In PPS, the distribution of 99mTc-macroaggregated albumin, which transiently accumulated in peripheral capillaries as microemboli after intravenous injection, is proportional to the pulmonary artery blood flow (28,29). In contrast, in the lung perfusion analysis by DPDR, local perfusion was evaluated as a CCv based on the correlation between changes in the pixel values of the pulmonary and ventricular regions during the cardiac cycle. BFR was calculated as the ratio of the sum of the MaxCCv on the left and right lung fields (22). Cross-correlation is an assessment of local pulmonary pulsation, which indicates the presence of local pulmonary artery blood flow. Therefore, some differences between DPDR and PPS findings are not surprising, as both have completely different imaging targets and mechanisms. In addition, DPDR imaging can be strongly affected by pulsations at the margins of cardiac shadows or large blood vessels in the hilum. It is important to develop a simple and minimally invasive alternative modality by increasing the measurement accuracy with improved analytical techniques.
The prediction of perioperative complications, including the postoperative induction of oxygen therapy based on ppo%FEV1 and ppo%DLco, were markedly similar between DPDR and PPS. The non-functional lung region, indicated by the low attenuation area on chest CT, is a region of no or low blood flow. Therefore, DLco, strongly influenced by pulmonary blood flow, is likely correlated with the predicted lung function using the BFR. Although minimally invasive surgery for lung cancer has recently been associated with fewer critical complications (19,30), the preoperative prediction of postoperative complications calls for attention to postoperative management. However, many thoracic surgeons do not believe that a single method can yield precise predictions (9,10). In this regard, a highly accurate prediction for postoperative complications is expected to be achieved by complication prediction model of risk factors, including the ppo lung function. There have been many reports of predictions of postoperative lung function and perioperative complications using various modalities, each of which has advantages and disadvantages, such as exposure dose or inspection time (20,21,28,29). Therefore, it is more reasonable to select a simpler and less invasive method than to obtain data to calculate a predicted value from a method with certain disadvantages. Modality should be used as an alternative to examination methods with previously accumulated data. In addition, the captured images can be used to obtain additional information, such as thoracic and diaphragmatic movements by DCR, ventilation status by ventilation imaging, or thromboembolism by blood flow imaging (31-34). As such, a lot of information could be easily obtained not only from a normal moving image but also from ventilation/perfusion dynamic image-by-image processing.

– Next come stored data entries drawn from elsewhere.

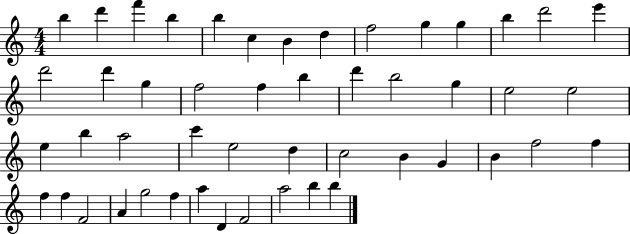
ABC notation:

X:1
T:Untitled
M:4/4
L:1/4
K:C
b d' f' b b c B d f2 g g b d'2 e' d'2 d' g f2 f b d' b2 g e2 e2 e b a2 c' e2 d c2 B G B f2 f f f F2 A g2 f a D F2 a2 b b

DCR studies can considerably stimulate the exploration of respiratory and cardiovascular physiology. Therefore, this technical has many potential applications, from disease diagnosis to functional evaluation (31). Notably, DCR analysis can provide information in all supine, standing, and sitting positions, which are more reflective of the normal respiratory and circulatory states. A recent study on pulmonary blood flow distribution using other modalities reported that conventional gravity and vessel anatomy are major determinants of regional pulmonary blood flow (35). However, since these were measured in the lateral and supine positions, the actual influence of body position on pulmonary circulation is incompletely understood (36). In contrast, DPDR can provide definitive data on the magnitude of the impact of standing and sitting positions on the pulmonary blood flow distribution in spontaneously breathing and awake humans. After radical surgery for lung cancer, the pulmonary blood flow distribution is expected to change as a result of right heart dysfunction, due to the reduction of the pulmonary vascular bed, or increased pulmonary vascular resistance, due to flexion of the bronchi and pulmonary blood vessels associated with residual lung repositioning. DPDR also provides new insights into these situations.

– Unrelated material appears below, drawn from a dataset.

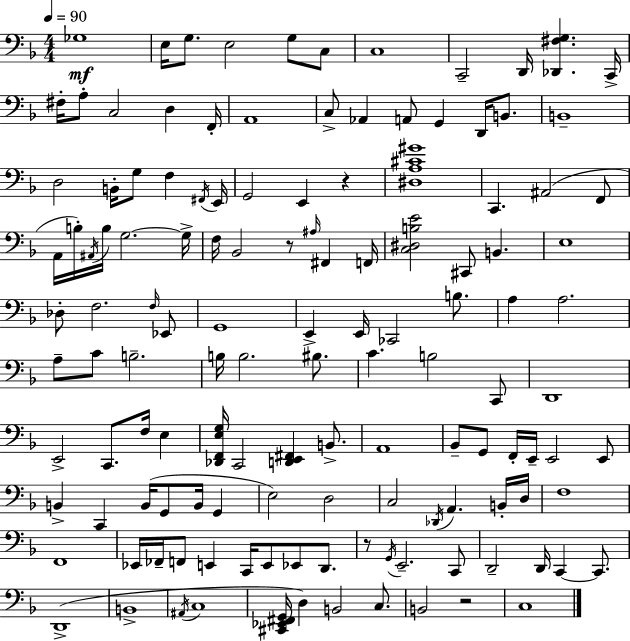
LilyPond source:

The current study has some limitations. First, this study was a single-center analysis with a small sample size. There was a possibility of selection bias for the following reasons: (I) all cases were indicated for surgery; and (II) PPS was given to patients with smoking history and pulmonary dysfunction, such as comorbidity to avoid unnecessary radiation exposure. Therefore, although the results from this study may differ from those involving low-risk and standard lung function, cases requiring perioperative prediction in clinical practice appear to resemble the target cases in this study. However, indications for lung cancer patients with representative lung cancer demographics should also be evaluated. Since this study emphasized on the measurement and prediction of postoperative lung function by a simple method, lung function was predicted by the segmental method considering the BFR. However, a method for calculating residual lung volume using CT volumetry may be useful to further improve the accuracy (21). Therefore, additional studies are required in the future to examine these issues.
Conclusions
Our study showed that simple and minimally invasive DPDR can be a good alternative to PPS for predicting postoperative pulmonary function values and the risk of postoperative respiratory complications. While this study only demonstrated a partial utilization of DPDR, this new imaging system has the potential to provide new insights and many functional analyses.
Acknowledgments
We would like to thank Editage (www.editage.jp) for English language editing. Katsunori Miyata, a radiological technician at our institution, contributed substantially by assisting with DCR.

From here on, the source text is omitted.